Di tengah derasnya arus digitalisasi dan maraknya perangkat pintar, embedded software kini berada di jantung sistem kritikal, dari kendaraan otonom hingga alat medis. Namun, ironisnya, perhatian terhadap aspek requirements engineering (RE) dan software maintenance (SM) dalam dunia embedded software justru masih sangat terbatas. Artikel Fariha et al. (2024) membongkar fakta ini secara sistematis dan tajam, mengungkapkan bahwa kita masih jauh dari kesiapan menghadapi kompleksitas embedded systems secara holistik.
Saya melihat artikel ini bukan hanya sebagai kajian literatur, tetapi sebagai seruan perubahan paradigma. Embedded software bukan lagi proyek sekali rilis. Ia adalah sistem hidup yang harus beradaptasi, aman, dan tahan lama.
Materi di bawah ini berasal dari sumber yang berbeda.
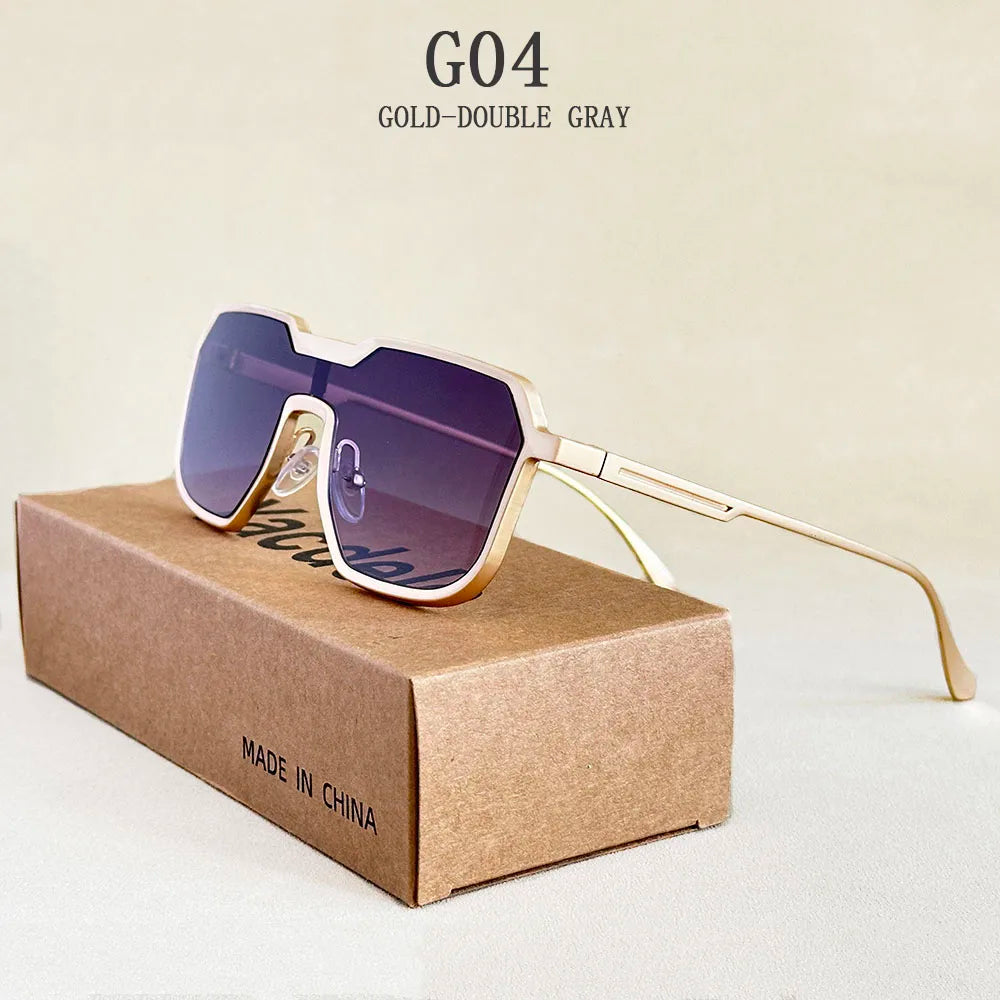 2025 Punk Sunglass Men Vintage Metal Square Steampunk Sunglasses Women Retro Luxury Fashion Glasses Gafas De Sol Hombre Okulary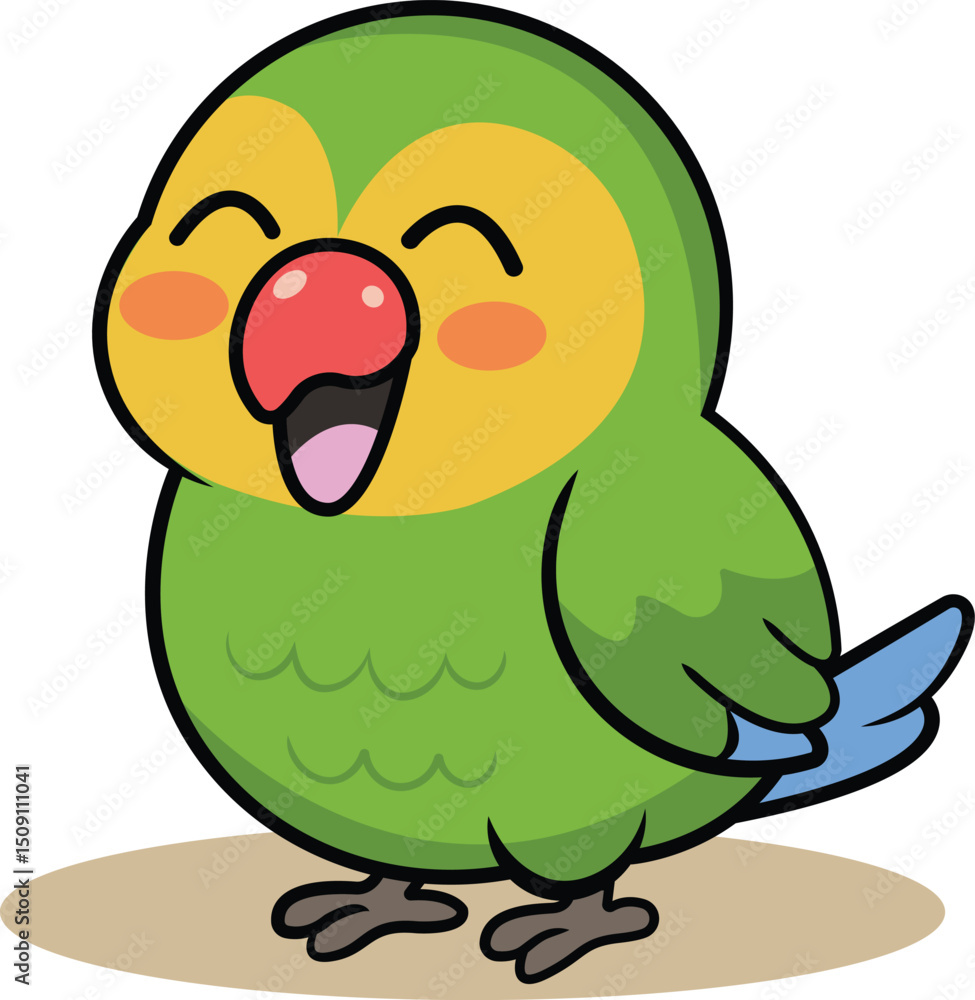 Obraz premium Cute parrot illustration easy and simple design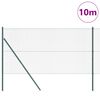 vidaXL Aiapost Roheline 10 x 1,4 m (25 x 25 mm v&otilde;rk) Terased ja PVC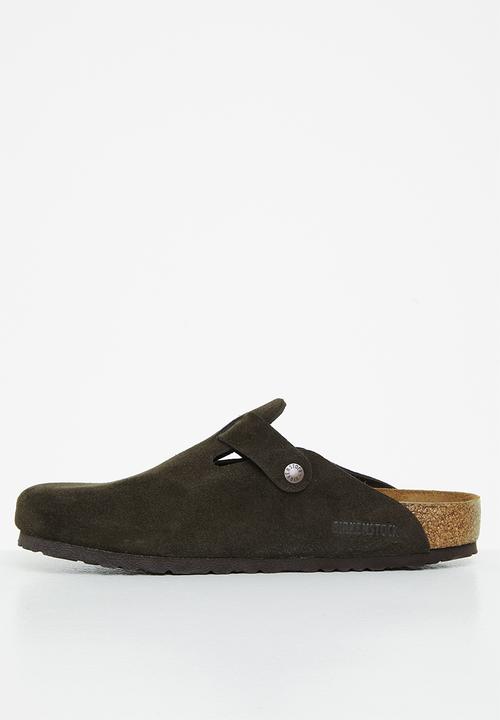 Birkenstock - Boston suede soft footbed - mocca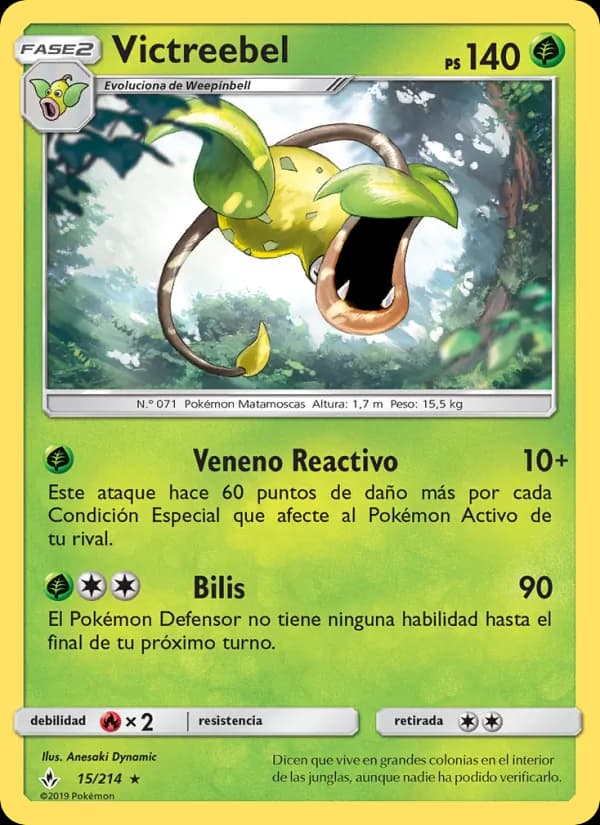 Victreebel card in Spanish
Dan semua itu hanya bisa dicapai dengan memperkuat dua pilar yang selama ini rapuh: requirements engineering dan maintenance strategy.
RE dan Maintenance Bukan Tambahan, Tapi Fondasi
Fariha et al. menunjukkan bahwa sebagian besar studi embedded software masih fokus pada fase pengembangan awal, terutama testing sebelum deployment. Namun, mereka menemukan hampir tidak ada penelitian yang membahas "maintenance requirements" secara eksplisit. Ini adalah alarm keras.
Kita hidup di zaman di mana perangkat embedded tidak bisa lagi dianggap statis. Firmware perlu diperbarui, sensor berubah, interkoneksi bertambah, dan ancaman keamanan berkembang. Jika proses requirements elicitation dan traceability tidak menyertakan kebutuhan pemeliharaan sejak awal, maka kita sedang menanam bom waktu.
Testing Mendominasi, Tapi Monitoring Masih Terpinggirkan
Studi ini juga menemukan bahwa lebih dari 50% publikasi maintenance berfokus pada testing, baik test case generation, automation, maupun model-based testing. Namun, hanya sedikit yang menyentuh aspek monitoring run-time, bug repair, atau predictive maintenance. Padahal, dalam dunia embedded, kesalahan kecil bisa berarti kegagalan fatal.
Contohnya? Kasus Therac-25 atau Boeing 737 MAX yang diangkat dalam artikel ini adalah bukti nyata bahwa kesalahan embedded software bisa berdampak pada nyawa manusia. Maka seharusnya fokus kita tidak lagi berhenti di testing, tetapi lanjut ke real-time observability dan deteksi dini gangguan.
AI/ML: Harapan Besar, Realisasi Kecil
Banyak yang percaya bahwa kecerdasan buatan adalah jawaban untuk tantangan software modern. Namun, artikel ini memperlihatkan kenyataan pahit: adopsi AI/ML dalam RE dan SM embedded software masih sangat minim.
Dari 79 studi utama yang ditinjau, hanya segelintir yang menggunakan AI/ML, dan sebagian besar masih terbatas pada task seperti test case prioritization atau klasifikasi. Belum ada yang benar-benar menyentuh area seperti bug detection otomatis, traceability dinamis, atau runtime anomaly detection berbasis deep learning.